Dataset records:
* * * *

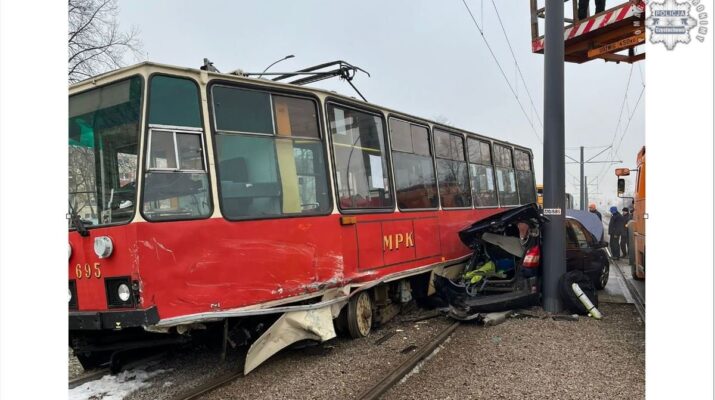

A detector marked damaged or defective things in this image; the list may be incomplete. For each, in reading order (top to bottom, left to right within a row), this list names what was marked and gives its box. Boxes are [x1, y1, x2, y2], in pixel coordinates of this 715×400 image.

crushed car hood [458, 203, 548, 247]
wrecked dark car [434, 203, 612, 318]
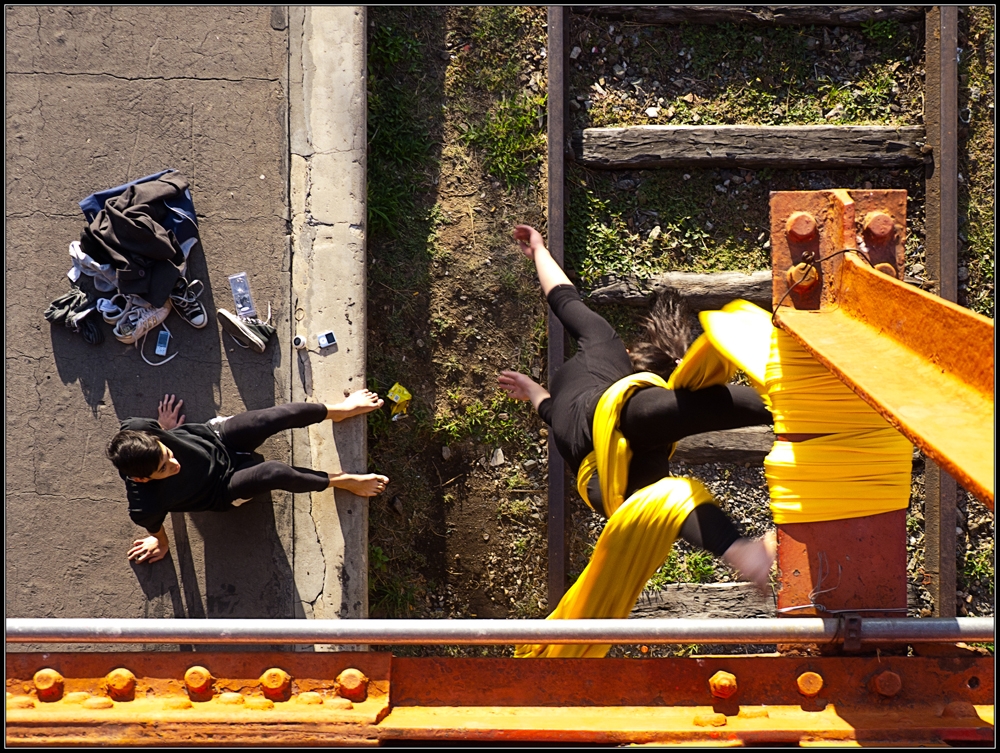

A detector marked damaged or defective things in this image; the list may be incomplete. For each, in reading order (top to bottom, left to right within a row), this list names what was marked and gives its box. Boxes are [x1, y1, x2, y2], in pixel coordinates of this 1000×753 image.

rusty bolt [784, 212, 816, 241]
rusty bolt [864, 210, 896, 239]
rusty bolt [788, 262, 820, 290]
cracked concrete [288, 5, 370, 640]
rusty steel beam [548, 4, 572, 604]
rusty steel beam [920, 4, 960, 616]
orange rusted girder [768, 187, 988, 508]
rusty bolt [33, 668, 64, 704]
rusty bolt [106, 668, 136, 700]
rusty bolt [185, 668, 214, 696]
rusty bolt [260, 668, 292, 704]
rusty bolt [336, 668, 372, 704]
orange rusted girder [3, 648, 996, 744]
rusty bolt [708, 668, 740, 700]
rusty bolt [792, 672, 824, 696]
rusty bolt [876, 672, 908, 696]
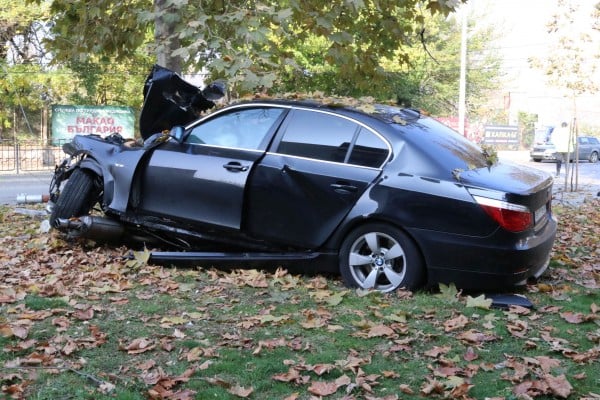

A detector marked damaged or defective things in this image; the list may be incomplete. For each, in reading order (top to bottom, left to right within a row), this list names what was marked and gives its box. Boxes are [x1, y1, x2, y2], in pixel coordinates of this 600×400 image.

crumpled car hood [139, 65, 226, 140]
crashed car [48, 65, 556, 290]
dented car body panel [48, 66, 556, 290]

* * * *

Exercise:
Whatever pictures the entries contain, omit them, and write the rest out exactly.

Answer to this problem:
A detector marked damaged or defective things in this image; the list may be incomplete. For each, in reading order (top to bottom, left to right within a row), this list names what was marked and gives its box. Boxes are [x1, y1, x2, y2], in pixel coordinates of this 715×400 image.

crushed car hood [458, 203, 548, 247]
wrecked dark car [434, 203, 612, 318]

A detector marked damaged or defective things in this image; the list may be incomplete. For each, in reading order (top to bottom, left to right within a row), this list names what was marked and gives its box. Boxes are [x1, y1, x2, y2], in pixel coordinates of this 1000×753 image.

rusty bolt [784, 212, 816, 241]
rusty bolt [864, 210, 896, 239]
rusty bolt [788, 262, 820, 290]
cracked concrete [288, 5, 370, 640]
rusty steel beam [548, 4, 572, 604]
rusty steel beam [920, 4, 960, 616]
orange rusted girder [768, 187, 988, 508]
rusty bolt [33, 668, 64, 704]
rusty bolt [106, 668, 136, 700]
rusty bolt [185, 668, 214, 696]
rusty bolt [260, 668, 292, 704]
rusty bolt [336, 668, 372, 704]
orange rusted girder [3, 648, 996, 744]
rusty bolt [708, 668, 740, 700]
rusty bolt [792, 672, 824, 696]
rusty bolt [876, 672, 908, 696]

A detector marked damaged or defective things in this image; the list may be incomplete. For each, in reading order (top to bottom, left to right within a row), this list names what was marked and gives its box. Boxes are [x1, y1, x2, y2], in pixel coordinates of this 600×400 image.

crumpled car hood [139, 65, 226, 140]
crashed car [48, 65, 556, 290]
dented car body panel [48, 66, 556, 290]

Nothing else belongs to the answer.